Another piece of the secret is who decided to take these actions. Perhaps it is part of the Haig legacy. Secretary of State George Shultz doesn't give a fig for anything south of Texas, so it's unlikely that he took any initiative. There is sufficient leakage around the edges to ascertain that some CIA officials view this undertaking with a jaundiced eye. Maybe the president got the idea from Reader's Digest.

It doesn't seem much to ask of a democratic government: who did it?

The president has already put us into two wars down south. But the polls consistently demonstrate that they are not supported by the public. Poor people are falling dead from our bullets and the machete-wielding soldiers U.S. tax dollars underwrite. The Argentines have pulled out; Honduras lends its territory; Guatemala is hustling its own case. Who are our allies in this debacle?

A couple of weeks ago, Rep. Tom Harkin and 73 of his colleagues in the House introduced a resolution of inquiry to find out the who, where, why and when of administration involvement in Nicaragua. It was referred to three committees --Armed Services, Foreign Affairs and Intelligence. They must act and report to the House. The resolution asks the pertinent questions in this matter. If the House passes it, the president "shall furnish" the answers within 10 days. As Rep. Jim Wright said to one of the "contra" leaders last week, "I do not believe financing the invasion of another country is what the United States should be doing."

Reps. Edward Boland and Clement Zablocki have a bill that ought to knock the relationship with the "contras" out of the box. It prohibits secret funding of military and paramilitary groups that want to harass, destabilize or overthrow any of the regional governments. Instead, it authorizes $30 million this year and $50 million next year for open military assistance, only to governments and only to help them stop military supplies from Cuba and Nicaragua from getting to or through their countries. The participating governments can't move the assistance on to others, nor can they conceal its source.

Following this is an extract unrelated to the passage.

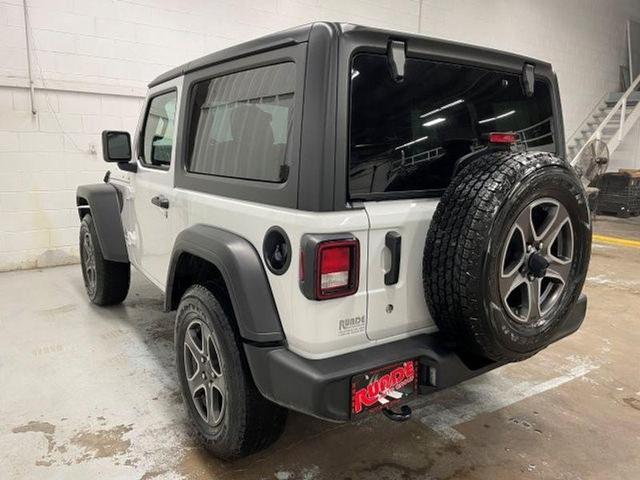 Photo of 2019 White Jeep Wrangler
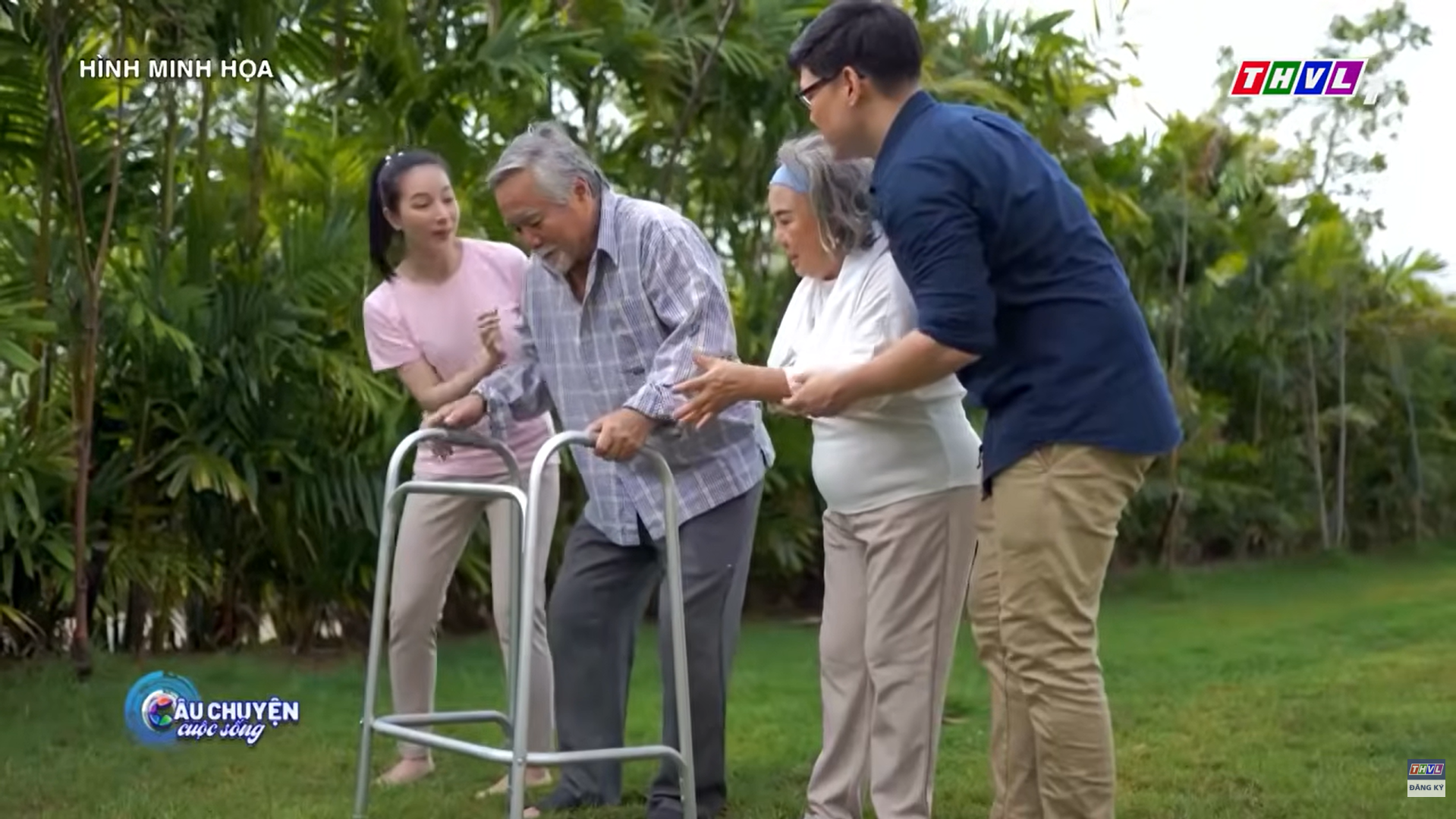 Câu Chuyện Cuộc Sống: Làm sao để chu toàn chăm sóc cha mẹ già?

While the bill is explicit on the military- paramilitary side, it does not cover covert political actions by the administration. It would still be possible, apparently, to pass money and "advice" to anyone. Is this a loophole through which the administration could continue to hand over cash so that the "contras" or others could simply buy what they want from the black market? If so, harassment, destabilization and efforts to overthrow governments could continue with secret U.S. political aid, unless there are clear prohibitions on political activities.

While the House leadership is prepared to move it quickly, the Senate must also act and the administration still has a given number of days before the bill comes into effect. And it is wise to remember that between passage of legislation cutting off military assistance to Chile and its signing by the president, there was wild contract-signing and obligation that kept the pipeline filled and flowing for years. There should not be a repetition, all these years later, in the interval.

For some reason, the conventional wisdom on Capitol Hill seems to hold that the Zablocki-Boland bill makes the Harkin resolution of inquiry unnecessary and that the answers to the questions don't need to be given. It could be that was the price that had to be paid to get rid of covert military assistance. But it might be too high a price if it closes out the questions.

This bill is a firm step in the necessary direction in spite of its imperfections. And the resolution of inquiry is equally important. It may be more important, in fact, because until we have the answers to its questions, other legislative actions, congressional hearings and opinions are based on fragments of facts in contention. Decisions of the public and Congress about U.S. policy should be based on as much real information as they can get. The administration has that information, and we need to know it.